I started interning at The Walrus just out of university. The application process was rigorous; the work—mostly fact-checking—was intense and unpaid. But I was glad to be there. The program was overseen by a compassionate, dedicated mentor who made sure we received a real education in return for our contributions, and the other staff members made themselves accessible. Everyone was happy to answer questions, offer advice, put us in touch with someone. They taught us all we wanted to know.
I’m not anti-internship, though there are two ways in which I’m biased. I was hired on after my Walrus internship, a matter of extraordinary luck; and I have supportive parents who let me live with them in Toronto while I worked for free. Working for pay, I’d watch interns dart from office to bar shift to tutoring gig, scrounging for rent and bus fare, all while struggling to make an impression good enough to justify the time and labour. This can be exhausting and demoralizing, especially when it doesn’t lead to a job at the organization for which you’re interning, and it typically doesn’t.
Of course, plenty of interns are just as privileged as I was, and more. But privilege should not determine who gets to do an internship, and internships, unfortunately, often determine who gets a job in media. This is why people oppose unpaid internships in the first place, and partly why it makes sense that the Ontario Ministry of Labour is cracking down on the practice. Unfortunately, I doubt that eliminating unpaid internships is going to fix the problem, partly because we haven’t properly defined the problem.
There are two lines of lament over the media job market. One is a song for the career you always wanted but can’t get, or probably won’t keep. This is not exclusive to media—more a symptom of universities overstuffed with students whose expectations outstrip their job prospects. If you can’t get a job in the field you studied, you work in service. Or you get another degree, or you do an unpaid internship, which becomes a symbol of hopelessness.
This is a deeply troubling state of affairs. I don’t mean to trivialize it. But it’s a separate issue, I think, from the matter of who gets to work in media in the first place.
As we’re well aware, there aren’t many jobs available in media. What jobs there are should, of course, be distributed according to merit, for reasons both moral and practical: the experiences of the most privileged are typically the least relevant to society at large. As Alexandra Kimball wrote here in 2012, it takes a great deal of privilege to be able to work for free; a self-perpetuating media elite is bad for society and it’s bad for media.
Media organizations, like all organizations and especially prestige ones, are rife with pernicious attitudes and biases that go undetected by those who hold them. This is hegemony in action, of course, though media people might defensively blame the business: when you’re tasked with putting together a big, exhausting, collaborative project every month or week, you’re more likely to fall back on familiar cues when deciding who to bring on board—cues, like schooling, that are inevitably bound up with class. This does a great deal of harm, intended or not.
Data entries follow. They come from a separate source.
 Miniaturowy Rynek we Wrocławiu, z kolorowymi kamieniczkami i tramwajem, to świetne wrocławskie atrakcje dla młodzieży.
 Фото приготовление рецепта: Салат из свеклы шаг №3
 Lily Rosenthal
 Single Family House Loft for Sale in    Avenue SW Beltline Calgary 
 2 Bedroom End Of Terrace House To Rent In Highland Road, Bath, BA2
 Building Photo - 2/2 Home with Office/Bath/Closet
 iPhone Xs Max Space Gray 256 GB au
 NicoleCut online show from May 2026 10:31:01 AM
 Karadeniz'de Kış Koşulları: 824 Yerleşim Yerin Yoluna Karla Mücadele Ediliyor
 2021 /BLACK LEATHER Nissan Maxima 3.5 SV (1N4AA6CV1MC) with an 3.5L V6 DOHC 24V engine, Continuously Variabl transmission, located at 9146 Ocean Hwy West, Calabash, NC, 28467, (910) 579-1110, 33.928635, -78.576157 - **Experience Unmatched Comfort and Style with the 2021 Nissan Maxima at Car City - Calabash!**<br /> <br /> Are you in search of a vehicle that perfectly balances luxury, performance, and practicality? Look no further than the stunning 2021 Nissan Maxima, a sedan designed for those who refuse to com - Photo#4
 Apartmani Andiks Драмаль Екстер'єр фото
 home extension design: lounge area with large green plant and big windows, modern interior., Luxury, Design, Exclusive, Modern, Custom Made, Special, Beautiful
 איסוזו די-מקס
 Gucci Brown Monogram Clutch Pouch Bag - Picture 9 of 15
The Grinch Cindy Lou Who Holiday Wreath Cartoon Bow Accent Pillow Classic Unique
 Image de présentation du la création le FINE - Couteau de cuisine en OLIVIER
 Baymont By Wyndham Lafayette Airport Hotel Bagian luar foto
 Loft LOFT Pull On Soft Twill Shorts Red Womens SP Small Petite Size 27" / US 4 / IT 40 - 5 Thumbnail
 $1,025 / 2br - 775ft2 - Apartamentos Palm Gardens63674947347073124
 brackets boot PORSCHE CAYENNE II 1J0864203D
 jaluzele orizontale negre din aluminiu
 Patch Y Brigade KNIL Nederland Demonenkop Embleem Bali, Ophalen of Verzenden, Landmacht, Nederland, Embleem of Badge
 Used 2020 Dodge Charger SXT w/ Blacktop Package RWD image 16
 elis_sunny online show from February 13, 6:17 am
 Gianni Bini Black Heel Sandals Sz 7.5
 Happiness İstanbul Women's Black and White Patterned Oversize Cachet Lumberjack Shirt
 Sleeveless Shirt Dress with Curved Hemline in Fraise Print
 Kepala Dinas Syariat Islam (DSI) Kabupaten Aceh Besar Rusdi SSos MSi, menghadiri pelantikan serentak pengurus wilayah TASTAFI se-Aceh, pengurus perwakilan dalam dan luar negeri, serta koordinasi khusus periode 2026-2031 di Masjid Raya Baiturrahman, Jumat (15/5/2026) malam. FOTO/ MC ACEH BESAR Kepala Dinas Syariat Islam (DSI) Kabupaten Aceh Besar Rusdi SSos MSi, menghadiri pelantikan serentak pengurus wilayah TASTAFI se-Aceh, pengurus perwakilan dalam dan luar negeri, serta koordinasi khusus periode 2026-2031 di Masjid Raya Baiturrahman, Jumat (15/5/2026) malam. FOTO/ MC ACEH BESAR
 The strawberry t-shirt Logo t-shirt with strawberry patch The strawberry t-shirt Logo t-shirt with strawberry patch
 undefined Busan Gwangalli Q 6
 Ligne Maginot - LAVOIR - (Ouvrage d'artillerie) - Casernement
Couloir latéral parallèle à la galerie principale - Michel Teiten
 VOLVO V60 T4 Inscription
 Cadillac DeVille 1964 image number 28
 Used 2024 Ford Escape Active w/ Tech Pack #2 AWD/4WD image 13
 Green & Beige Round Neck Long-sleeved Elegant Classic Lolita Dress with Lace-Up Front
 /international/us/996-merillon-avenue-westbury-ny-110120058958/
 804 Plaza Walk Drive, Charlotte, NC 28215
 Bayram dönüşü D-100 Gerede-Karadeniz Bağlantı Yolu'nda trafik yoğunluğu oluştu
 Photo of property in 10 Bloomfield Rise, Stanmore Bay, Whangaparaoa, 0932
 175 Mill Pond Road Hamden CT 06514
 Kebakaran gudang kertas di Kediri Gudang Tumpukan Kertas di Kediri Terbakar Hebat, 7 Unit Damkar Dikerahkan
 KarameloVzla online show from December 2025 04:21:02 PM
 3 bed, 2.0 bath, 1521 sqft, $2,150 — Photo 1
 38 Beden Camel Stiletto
But internships can help to break this insularity. Good internship programs allow participants to demonstrate their talents firsthand, as well as forge connections they may not have inherited. (I am quoting here from a Facebook post I made on the matter several months back.) It’s true that success in media has a lot to do with who you know; also true is that all good editors want to know smart writers, and that all good managers want to know good editors. Moreover, a quality internship is a great education, and probably more valuable than anything you’re likely to learn in school, for which you pay with actual money.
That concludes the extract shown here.